What the task asks: Return the lines of the listing below exactly as they appear, beginning at the one with "Under the selection" and stopping after the one with "In this video, we"; do not include pictures.

Data provided:

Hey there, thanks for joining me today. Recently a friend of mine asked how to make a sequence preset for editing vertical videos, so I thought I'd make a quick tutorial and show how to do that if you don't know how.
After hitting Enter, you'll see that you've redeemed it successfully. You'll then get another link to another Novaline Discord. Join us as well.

---

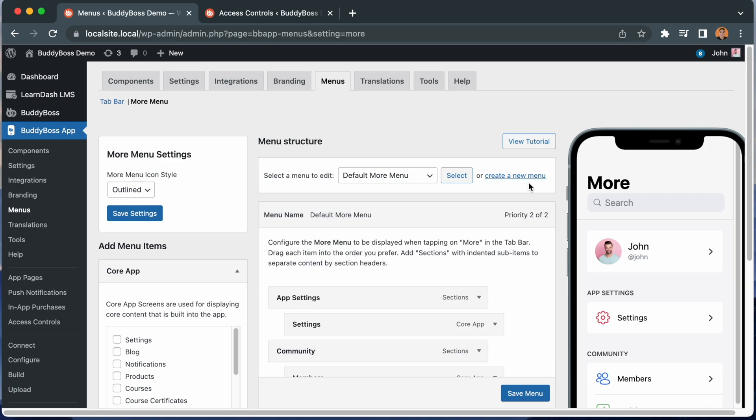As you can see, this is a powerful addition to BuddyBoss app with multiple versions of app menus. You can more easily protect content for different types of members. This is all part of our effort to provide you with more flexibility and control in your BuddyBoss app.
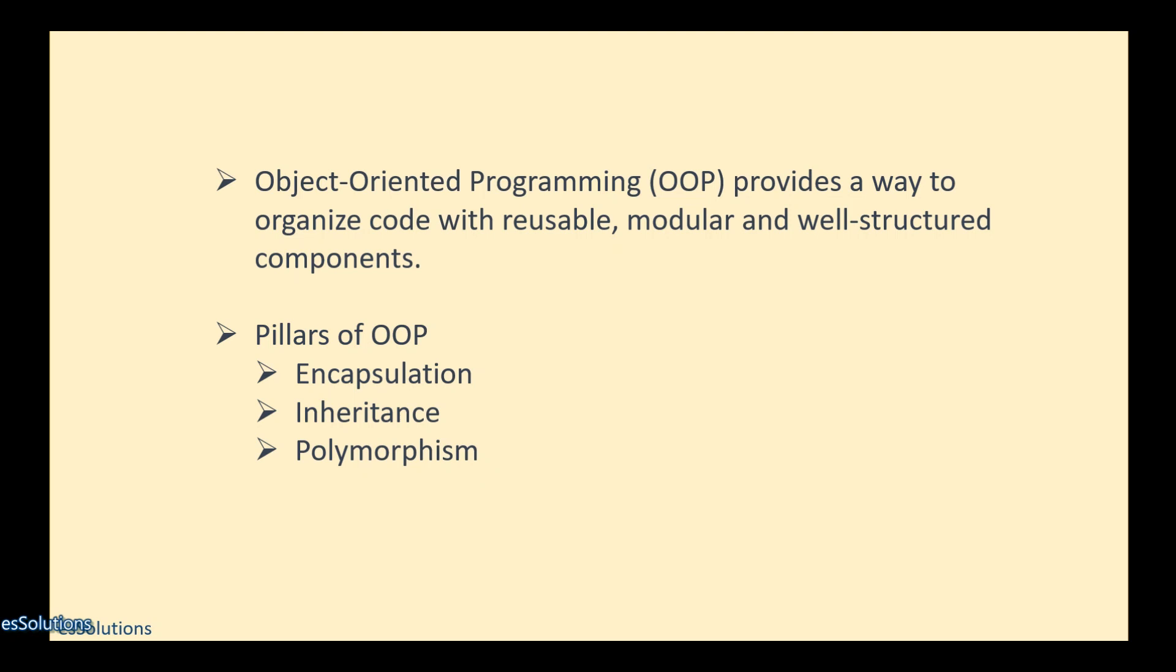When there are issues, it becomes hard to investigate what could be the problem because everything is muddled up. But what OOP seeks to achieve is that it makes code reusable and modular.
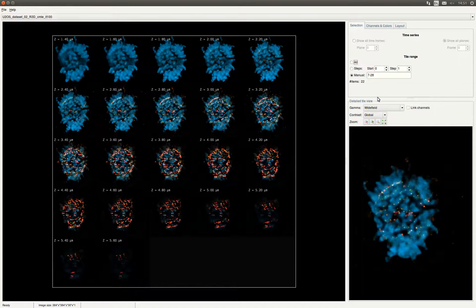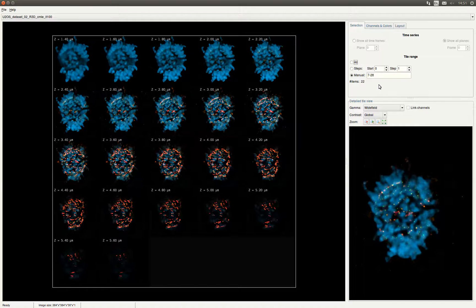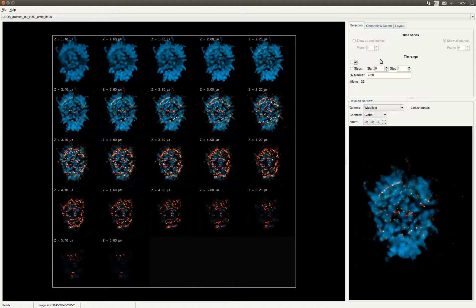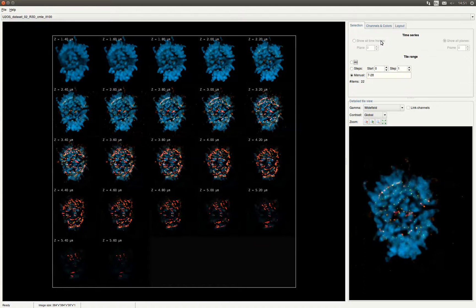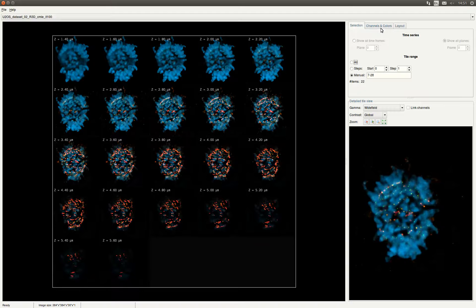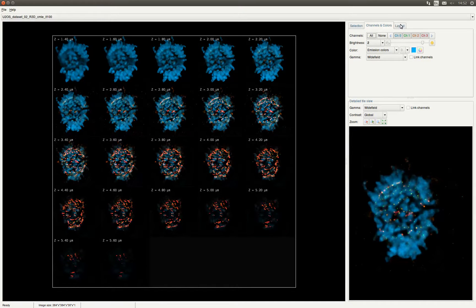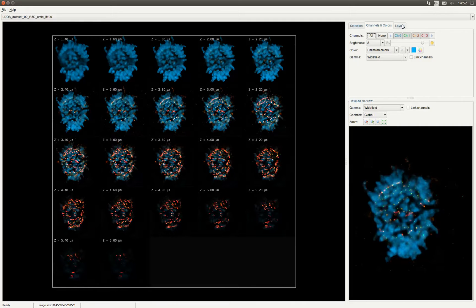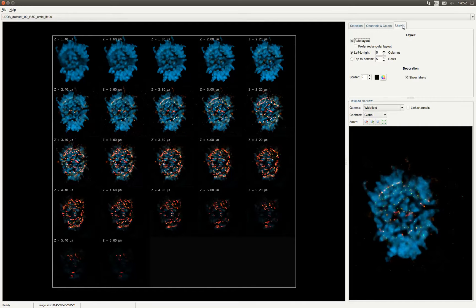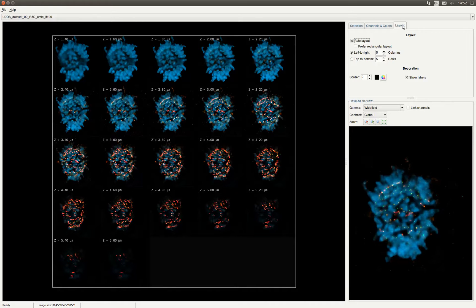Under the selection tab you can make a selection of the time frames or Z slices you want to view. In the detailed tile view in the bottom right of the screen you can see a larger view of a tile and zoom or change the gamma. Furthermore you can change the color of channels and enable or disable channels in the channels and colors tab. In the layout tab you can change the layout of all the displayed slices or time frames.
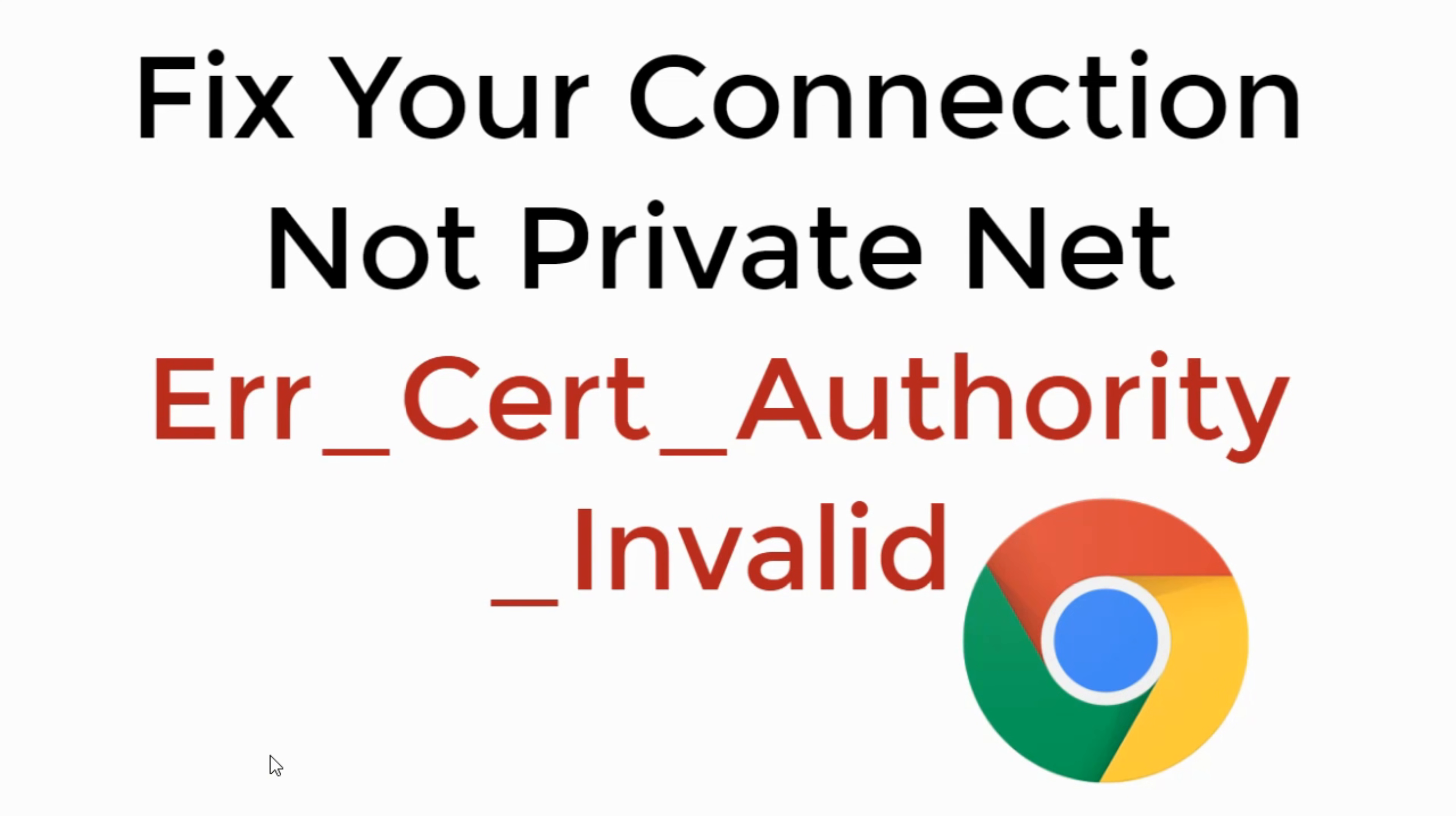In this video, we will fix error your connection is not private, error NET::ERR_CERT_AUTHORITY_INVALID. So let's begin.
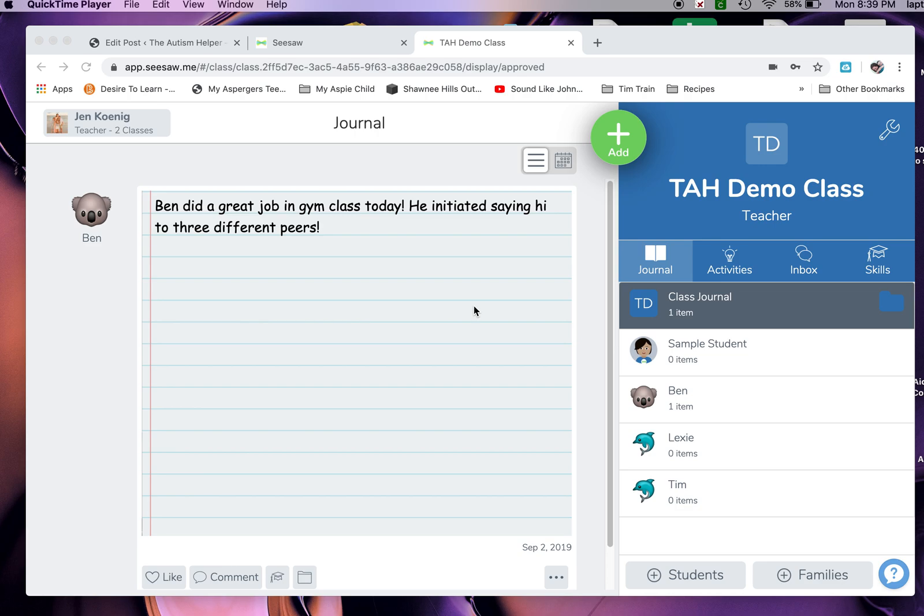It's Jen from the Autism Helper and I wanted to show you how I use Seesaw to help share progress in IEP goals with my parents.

Response:
Under the selection tab you can make a selection of the time frames or Z slices you want to view. In the detailed tile view in the bottom right of the screen you can see a larger view of a tile and zoom or change the gamma. Furthermore you can change the color of channels and enable or disable channels in the channels and colors tab. In the layout tab you can change the layout of all the displayed slices or time frames.
In this video, we will fix error your connection is not private, error NET::ERR_CERT_AUTHORITY_INVALID. So let's begin.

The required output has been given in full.